L'effet brexit Dans le détail, la production manufacturière s'est repliée en juillet de 2,3%, selon des chiffres corrigés des variations saisonnières, calendaires et de prix, tandis que l'activité dans le BTP, plutôt terne au deuxième trimestre en raison d'un hiver doux, a retrouvé son élan avec une progression de 1,8%. "Les entreprises industrielles adoptent une attitude attentiste au regard de l'évolution en berne des marchés mondiaux", a commenté dans un communiqué le ministère de l'Economie. Les raisons de la baisse de régime de l'industrie sont multiples. "La tendance a commencé bien avant le référendum britannique" de juin en faveur d'une sortie de l'Union européenne, "mais le Brexit a certainement été l'un des éléments principaux" du mauvais chiffre de la production en juillet, estime Carsten Brzeski. "Il est possible que des commandes aient été annulées" après le vote en faveur du Brexit, "ce qui a ainsi ralenti directement la production", juge Stefan Kipar, de BayernLB. Mais l'Allemagne, championne des exportations, souffre aussi depuis de nombreux mois déjà d'une activité économique plus faible en Chine et d'une atonie de la plupart de ses partenaires commerciaux européens.

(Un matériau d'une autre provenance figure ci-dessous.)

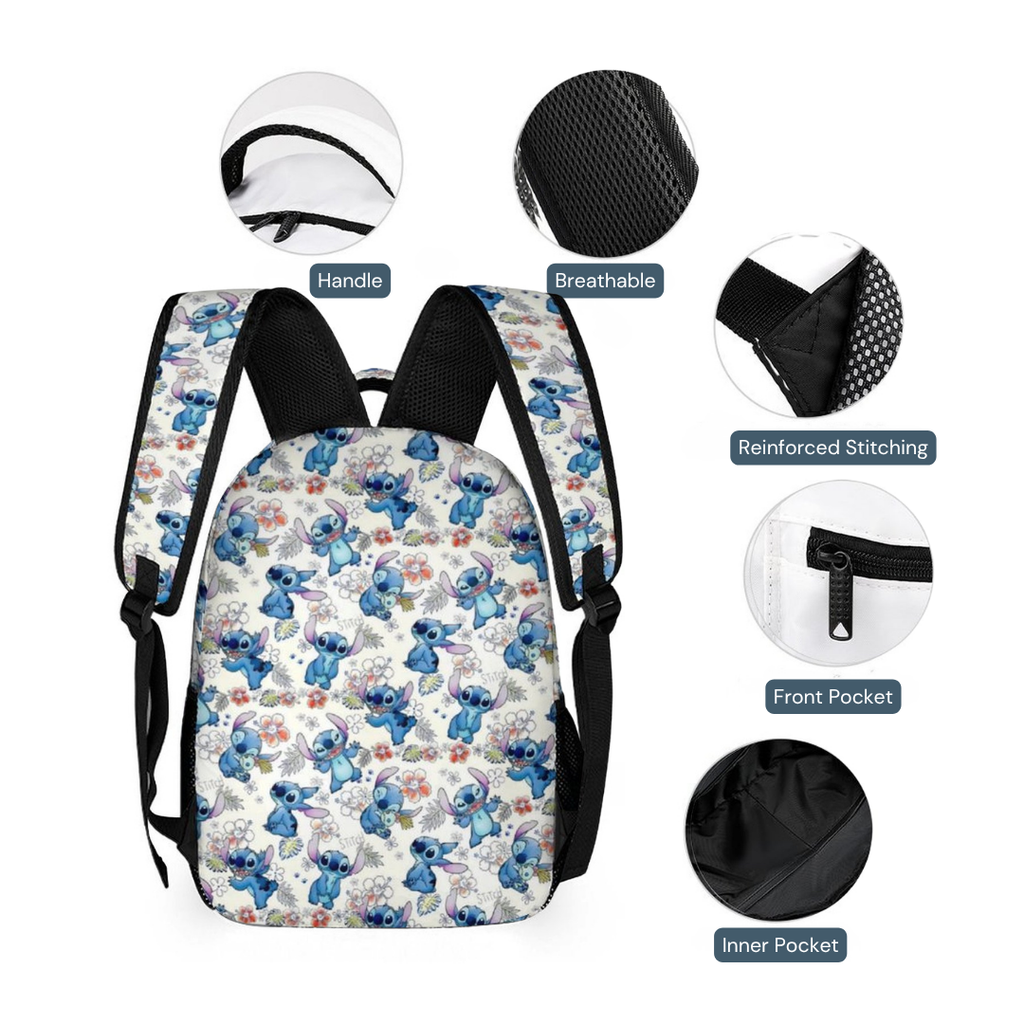 Personalized Stitch Backpack Set for Kids – 3-Piece School Bag Set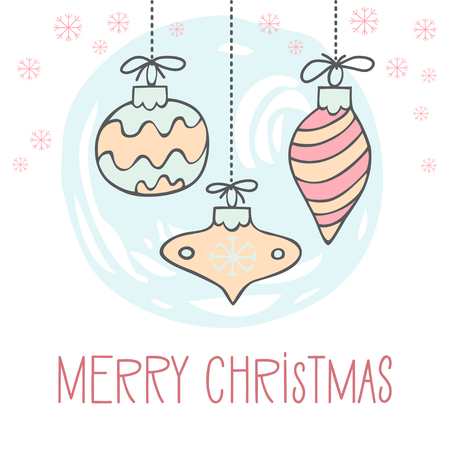 Christmas greeting card with cute hand drawn lettering. Perfect holiday design elements for decorationsのイラスト素材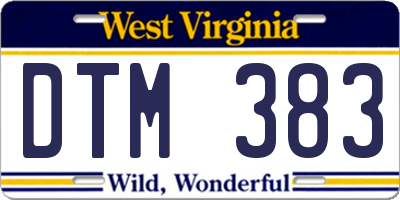 WV license plate DTM383
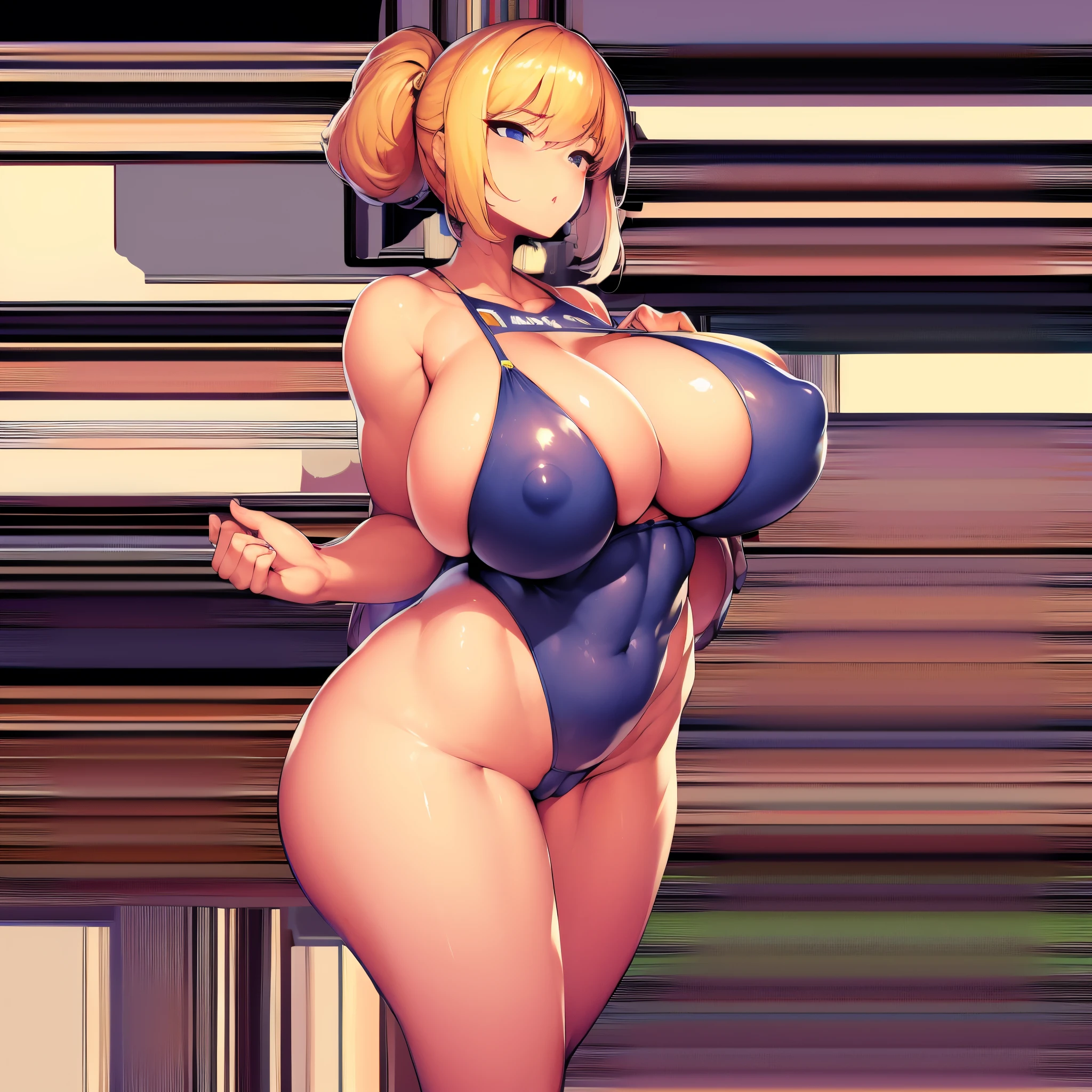 humongous large breast, tight kini swimsuit,Tighten abs,Hold your chest up,hip cocked,camel shame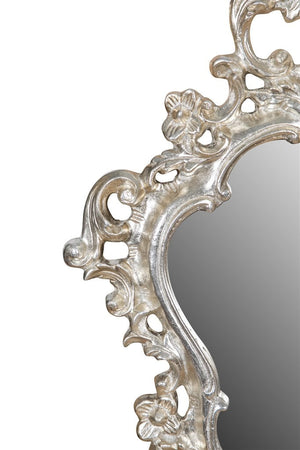 Biscottini SPECCHIERA DA PARETE IN LEGNO FINITURA FOGLIA ARGENTO ANTICATO L42xPR4xH62cm Made in Italy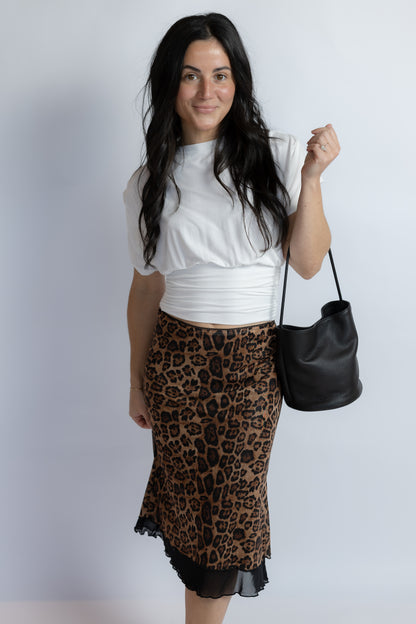 Suzi Leopard Mesh Midi Skirt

Pas de récession Globalement, la production de juillet appuie les prévisions d'un "refroidissement de la conjoncture au deuxième semestre", estime l'expert de BayenrLB, ajoutant que les rythmes de croissance trimestriels ne pourront plus être tenus. Le Produit intérieur brut (PIB) avait progressé de 0,4% au deuxième trimestre, après un début d'année en fanfare (+0,7%). Il n'y a toutefois pas de raison de "s'attendre à une récession, même après les chiffres" de mercredi, juge-t-il. Le gouvernement mise sur une croissance de 1,7% du PIB cette année, après 1,5% en 2015. Le chiffre de la production montre aussi une nouvelle fois que l'économie allemande est de plus en plus dépendante de la consommation intérieure, soulignent les analystes. Dans ce contexte, le débat actuel sur des baisses d'impôts, évoquées encore mardi par le ministre des Finances Wolfgang Schäuble devant le parlement à un an des élections générales dans le pays, devrait se déplacer vers des aides aux investissements pour les entreprises, un meilleur accès au financement des start-up, ou encore des investissements publics dans l'éducation et les infrastructures de haute technologie, juge l'analyste d'ING-Diba. "En clair des instruments pour soutenir la croissance à long terme plutôt que d'apporter un stimulus à court terme", estime-t-il.